Fosun International Shares Halted on Report Guo UnreachableBloomberg News
Dollar bonds due in 2020 fall by a record 16.1 cents
Caixin reports that company has `lost contact' with Guo
Fosun International Ltd., the publicly traded arm of Chinese billionaire Guo Guangchang’s holding company, was suspended in Hong Kong after Caixin magazine reported that he had gone missing.
The closely held group has “lost contact” with Guo, 48, the magazine said.
The shares declined for a sixth consecutive day on Thursday in Hong Kong, losing 1 percent to close at HK$13.34, and tumbled more than 11 percent to $1.55 in over-the-counter trading in New York. Dollar bonds of the company fell by a record, with the $400 million of 6.875 percent bonds due in 2020 slumping 16.1 cents to 88.3 cents on the dollar as of 9:10 a.m. in Hong Kong.
Guo, who calls himself a student of Warren Buffett, built Fosun Group into an empire spanning everything from insurance to holiday resorts through dozens of deals over the past three years, most of them made through Fosun International. His companies own Club Mediterranee SA and Greek jewelry brand Folli Follie, as well as a stake in Cirque du Soleil Inc.

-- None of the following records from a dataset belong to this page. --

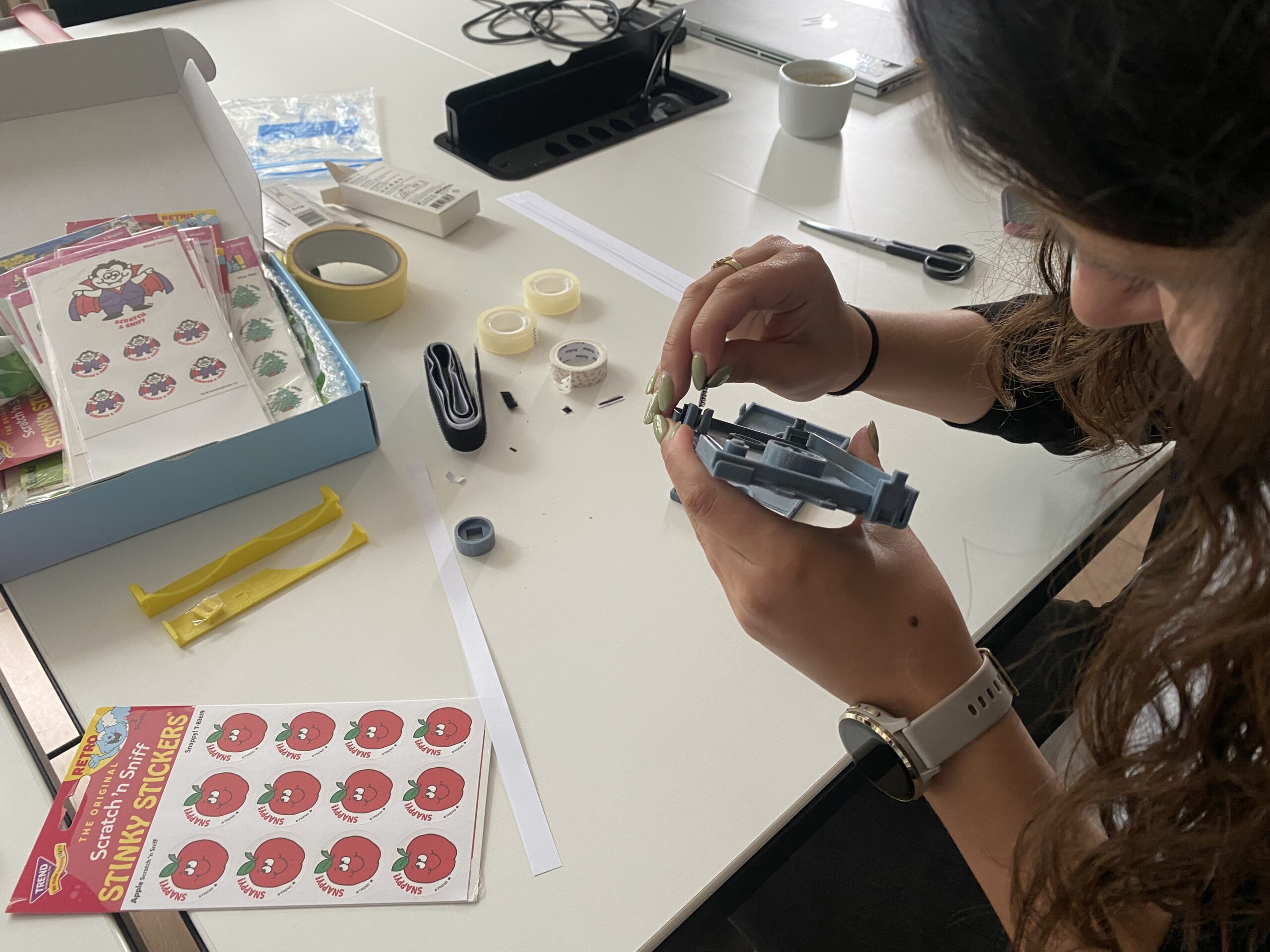 Person klebt Klettband in den Kamm der 3D-gedruckten Kassette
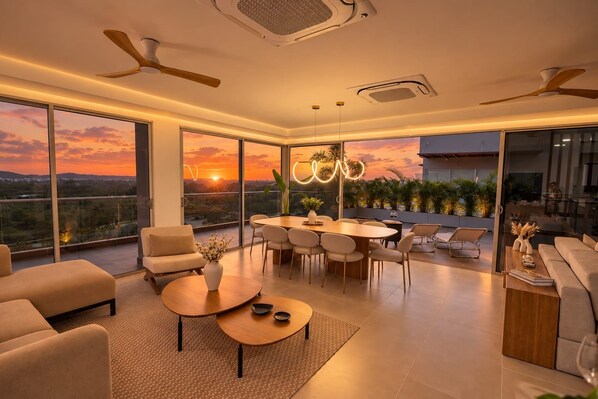 Ein modernes Wohnzimmer mit Essbereich, großen Schiebeglastüren, Deckenventilatoren und Blick auf einen Sonnenuntergang.
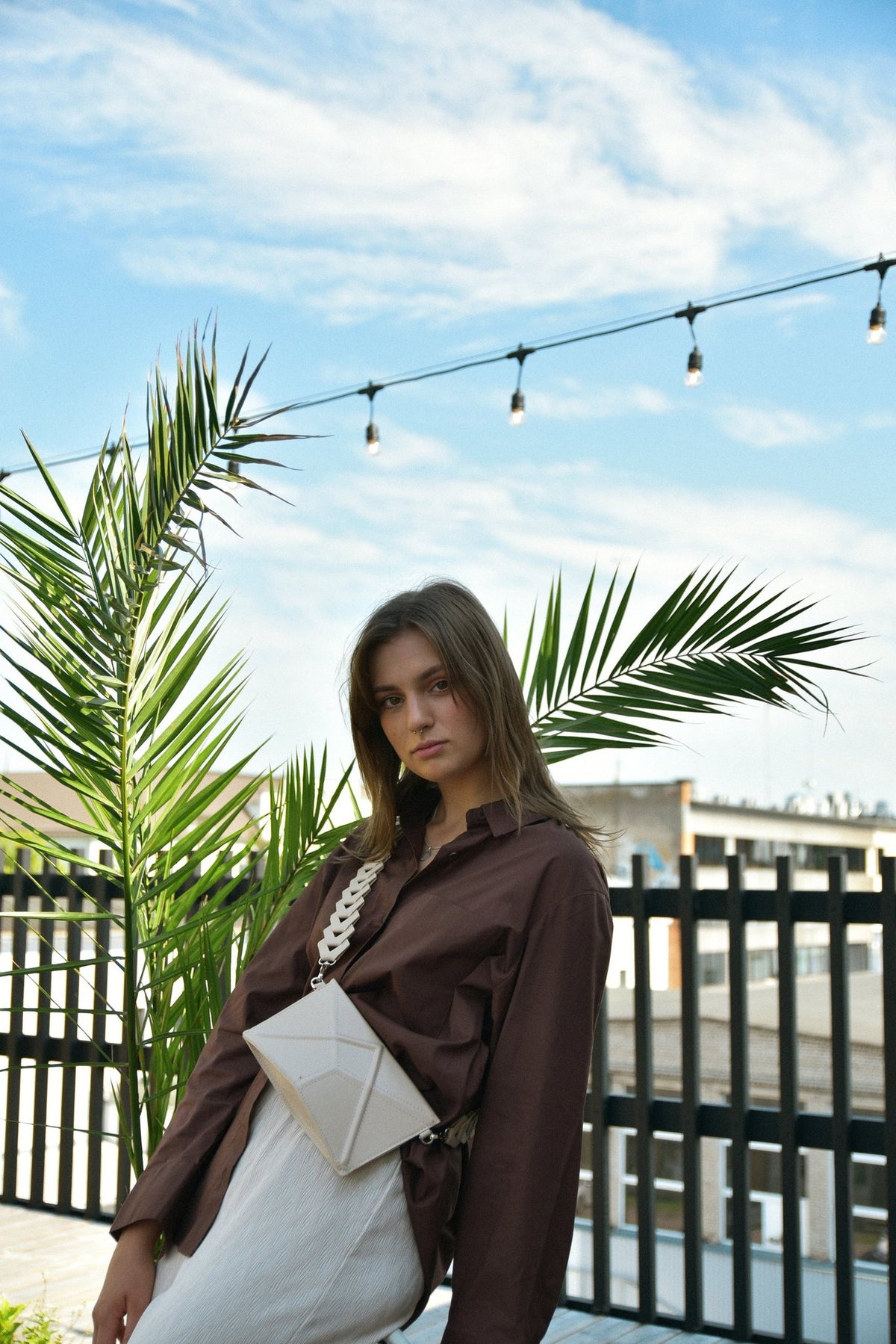 3. Women's beige FACET Clutch by Gerda Retter with Venice strap, worn crossbody in outdoor setting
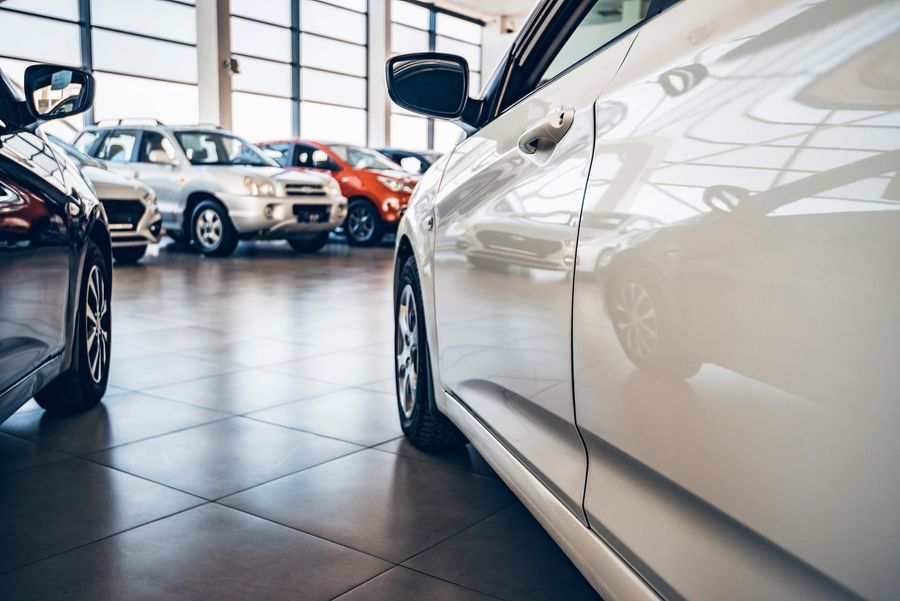 Una fila di auto è parcheggiata in uno showroom.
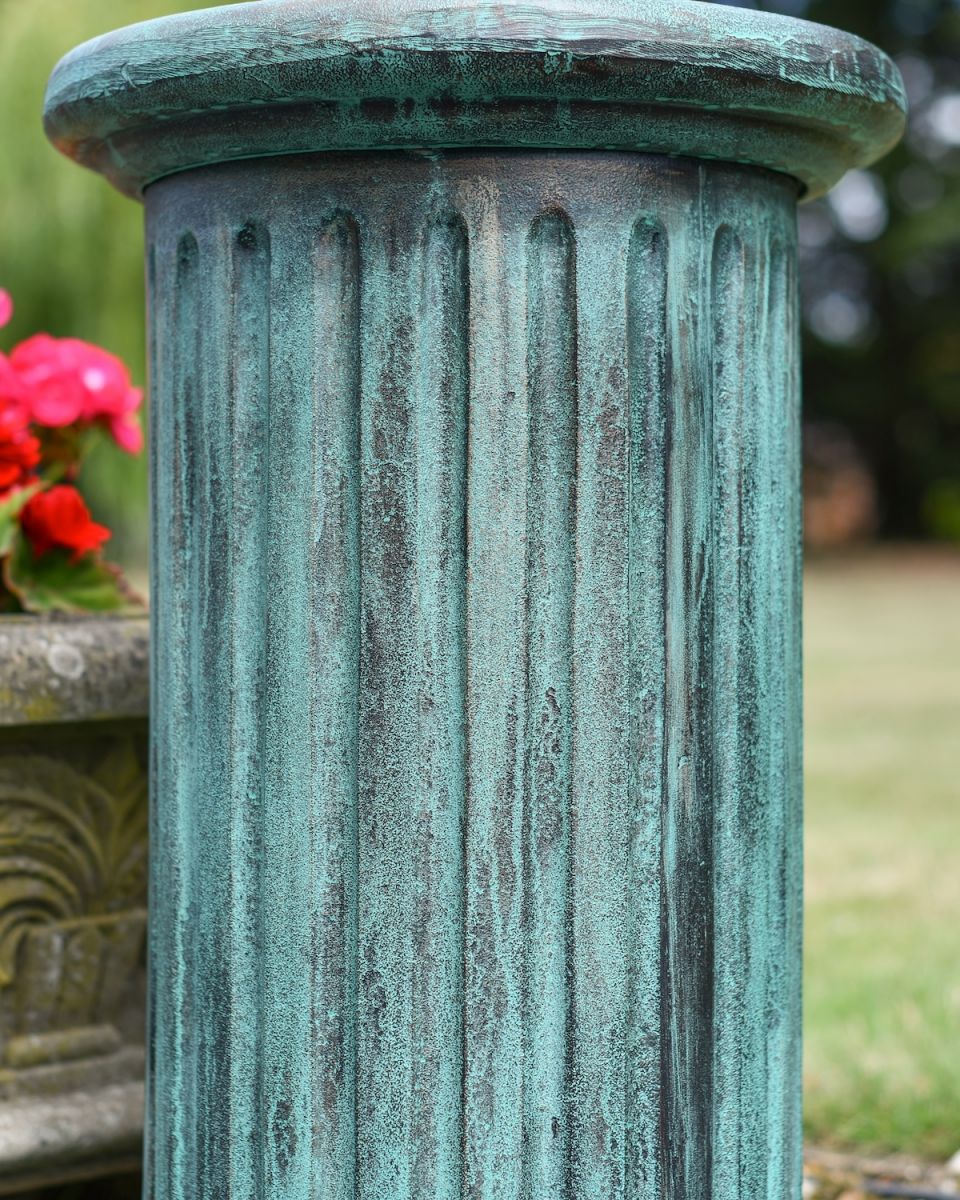 Close up of verdigris finish on garden plinth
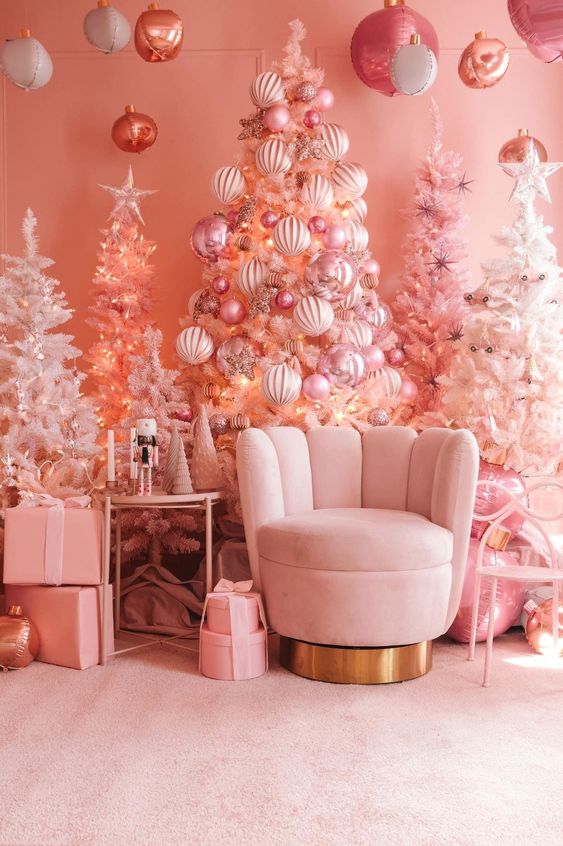 a pink Christmas space with a whole bunch of pink trees with ornaments, a blush chair and some pink gift boxes
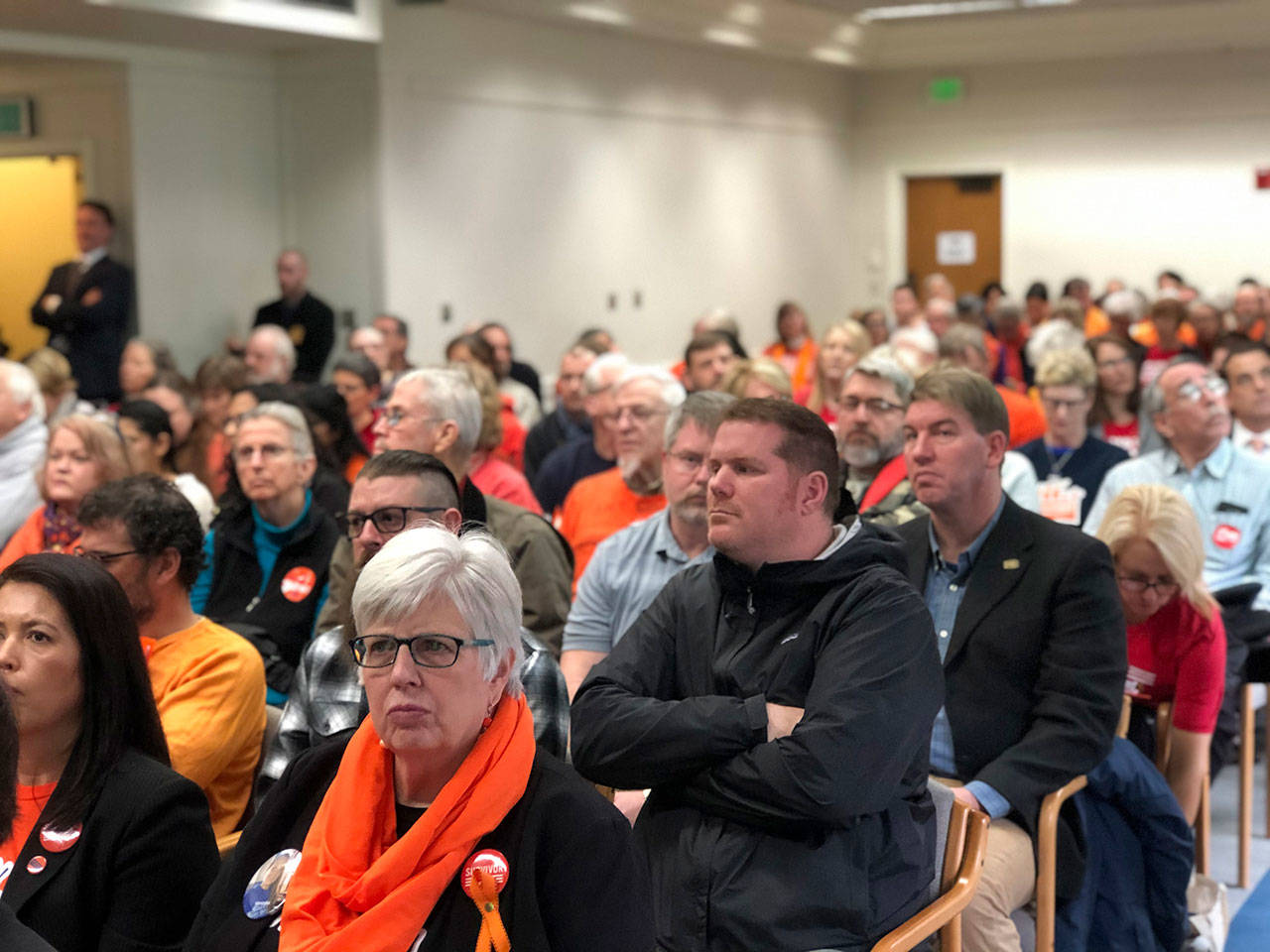 Washington residents listen during a state Senate Law and Justice Committee hearing on a proposed ban on high capacity gun magazines. Many wore orange in support of gun safety. (Leona Vaughn/WNPA News Service)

“The missing chairman is going to have a big impact on investing in China and the performance of the company,” said Cyrus Ng, an analyst in Hong Kong at China Galaxy Securities Co.
Fosun International has announced 16 deals worth a combined 29 billion yuan ($4.5 billion) this year, according to data compiled by Bloomberg. Some of Fosun’s biggest acquisitions include One Chase Manhattan Plaza in New York. In July, it said it bought the former Milan headquarters of Italy’s UniCredit SpA.
Guo is China’s 17th richest man with a net worth of $5.6 billion, according to the Bloomberg Billionaires Index. Guo co-founded Fosun with four friends and about $6,000 in capital in the 1990s and later built it by borrowing from the investing approach used by Buffett’s Berkshire Hathaway Inc.
In August, China’s official Xinhua News Agency said Guo granted favors to an executive of a state-owned company 12 years ago in exchange for unspecified benefits, according to a report in the Wall Street Journal. Guo wasn’t accused of wrongdoing, according to that report.